5.5 min to train on a PDP/11 you mean to tell me we could have been doing this a...

rahen · 2026-03-28T21:35:57 1774733757

Yes. The Cray supercomputers from the 80s were crazy good matmul machines in particular. The quad-CPU Cray X-MP (1984) could sustain 800 MFLOPS to 1 GFLOPS, and with a 1 GB SSD, had enough computer power and bandwidth to train a 7-10M-parameter language model in about six months, and infer at 18-25 tok/sec.

A mid-90s Cray T3E could have handled GPT-2 124M, 24 years before OpenAI.

I also had a punch-card computer from 1965 learn XOR with backpropagation.

The hardware was never the bottleneck, the ideas were.

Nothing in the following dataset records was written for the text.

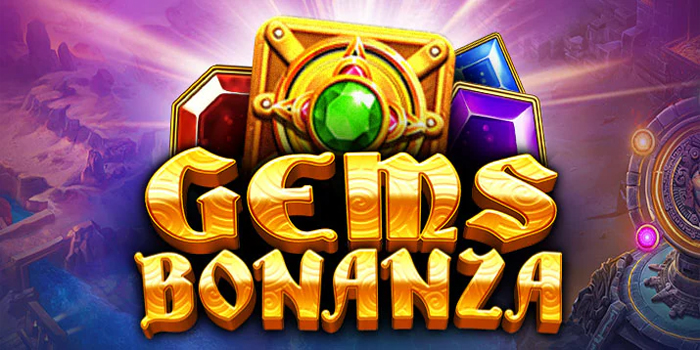 Kemenangan Besar Slot Gems Bonanza dengan Trik Gacor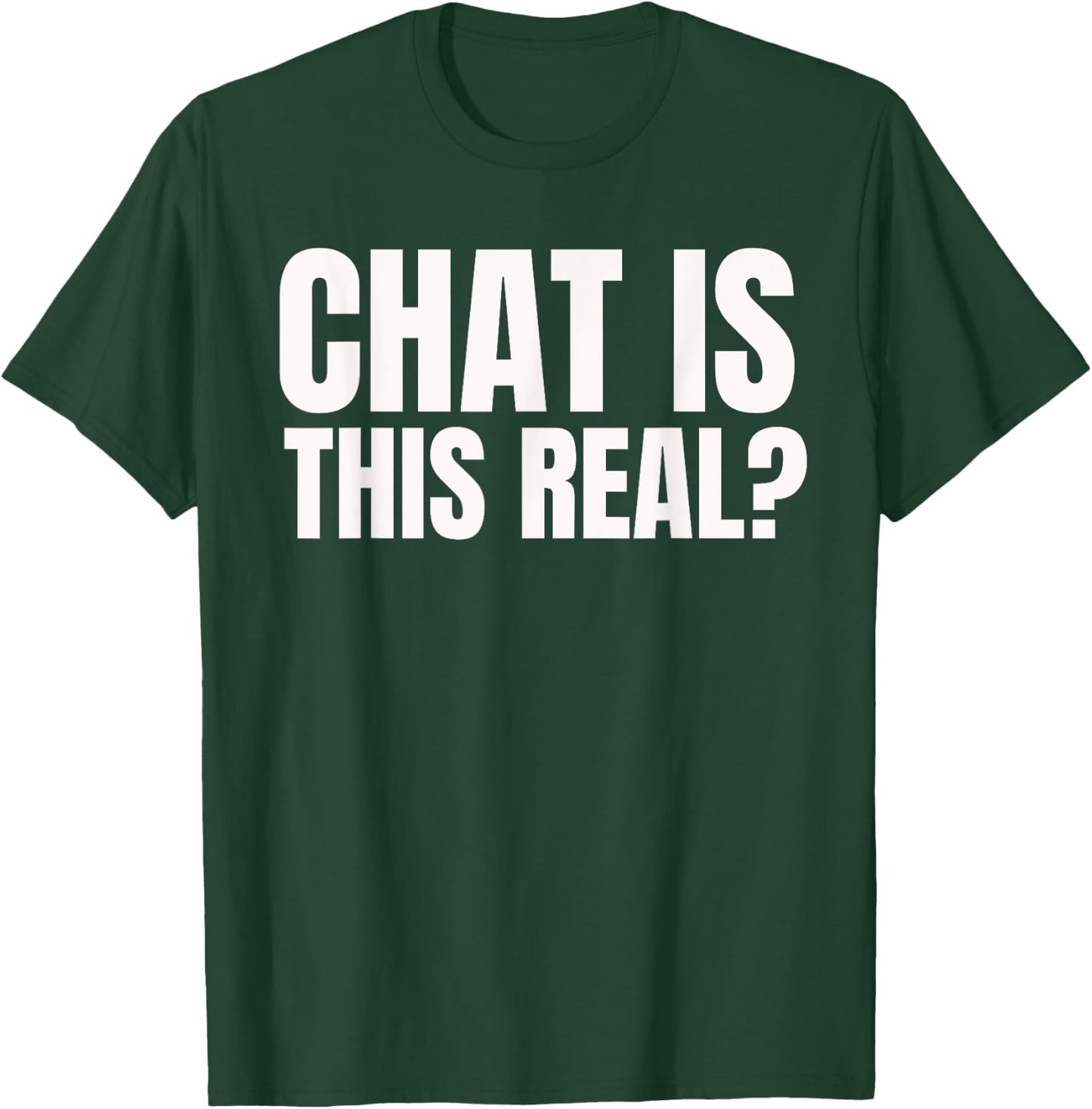 Chat Is This Real? Funny Online Streamer T-Shirt - T-Shirt | Forest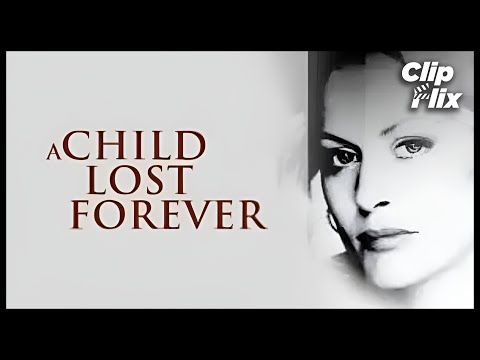 Full Movies HD A Child Lost Forever Beverly D Angelo ClipFlix 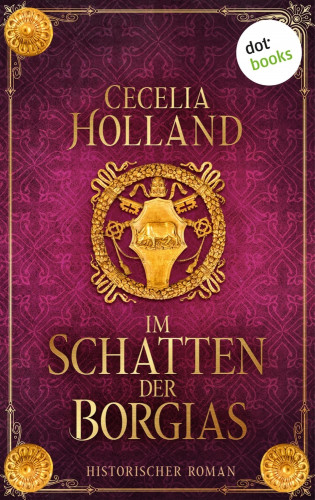 Cecelia Holland: Im Schatten der Borgias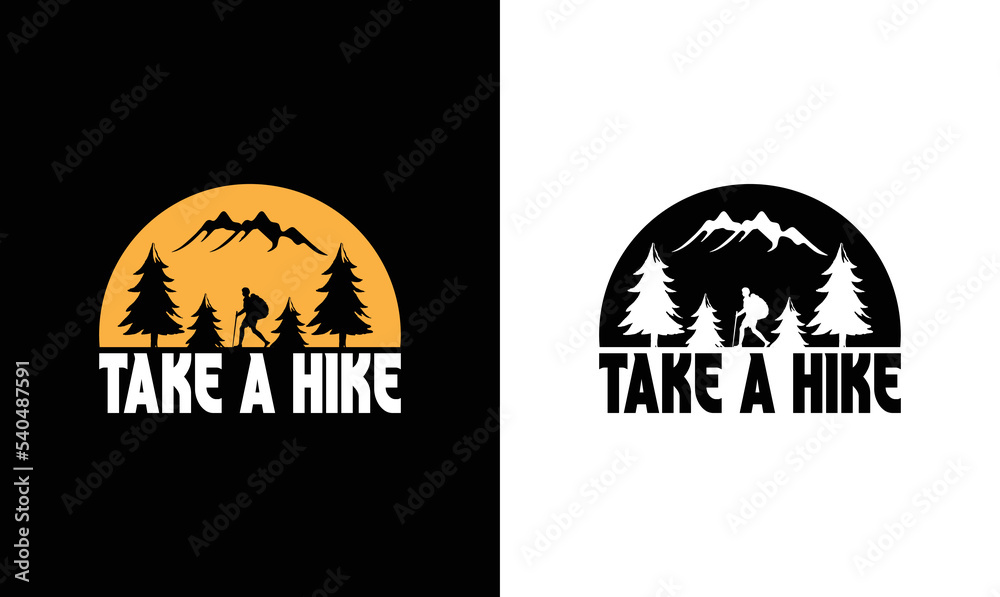 Take A Hike, Hiking Quote T shirt design, Vintage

lucasfin000 · 2026-03-29T14:24:06 1774794246

Post-quantum crypto is a good example of this. Lattice-based schemes were theorized in the 90s, but they took decades to actually reach production. The math existed, the hardware existed, and the ideas for making it work were just not there yet.

CamperBob2 · 2026-03-29T04:13:53 1774757633

The hardware was never the bottleneck, the ideas were.

For sure. Minsky and Papert really set us back.

Onavo · 2026-03-29T06:26:57 1774765617

They should have lived to see the results of the bitter lesson.

CamperBob2 · 2026-03-29T15:50:15 1774799415

Minsky came close (d. 2016) -- although he may have had other interests later in life, if the Epstein file dumps are to be believed.